1

I am trying to read a binary file with Python. This is the code I use:

fb = open(Bin_File, "r")
a = numpy.fromfile(fb, dtype=numpy.float32)

However, I get zero values at the end of the array. For example, for a case where nrows=296 and ncol=439 and as a result, len(a)=296*439, I get zero values for a[-922:]. I know these values should be noData (-9999 in this example) from a trusted piece of code in R. Does anybody know why I am getting these non-sense zeros?

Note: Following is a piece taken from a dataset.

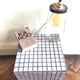 Ceramic tile cube, stool end of sofa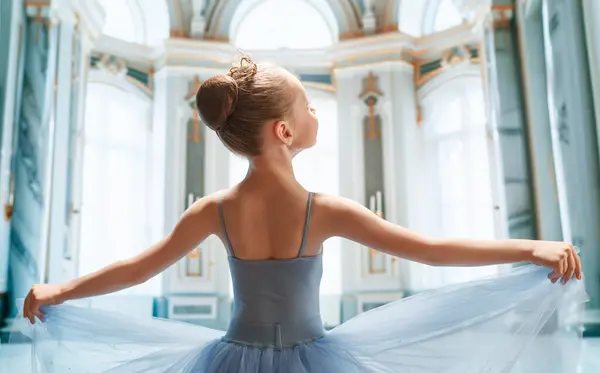 可爱的小女孩梦想成为一名芭蕾舞演员 孩子们穿着一件燕尾服在舞厅里跳舞 孩子在学芭蕾 图库照片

P.S: I am not sure it is related on not, but len(a) is nrows*ncols+2! I have to get rid of these two using a = a[0:-2] so that when I reshape them into rows and columns using a_reshape = a.reshape(nrows, ncols) I don't get an error.

ahoosh
  • 1,340
  • 3
  • 17
  • 31
  • 1
    try opening with `"rb"` tag instead of `"r"` ? – Gabriel Jul 28 '14 at 21:04
  • hmmm, you should probably tag this question with the R tag and post your R read commands or the code that actually wrote the file. – Gabriel Jul 28 '14 at 21:06
  • maybe the software that wrote the file adds 2 extra fields above and beyond the raw binary? I know (by default) Fortran 90 adds two blocks that indicate how much data is there. – Gabriel Jul 28 '14 at 21:08
  • @Gabriel Using `"rb"` instead of `"r"` solved all of the problems. The numpy array now totallt makes sense. Do you mind moving your comment to answer so that I can vote it up? – ahoosh Jul 28 '14 at 21:14
  • added answer and some explanation – Gabriel Jul 28 '14 at 21:21

1 Answers1

2

When opening a file for reading as binary you should use the mode "rb" instead of "r".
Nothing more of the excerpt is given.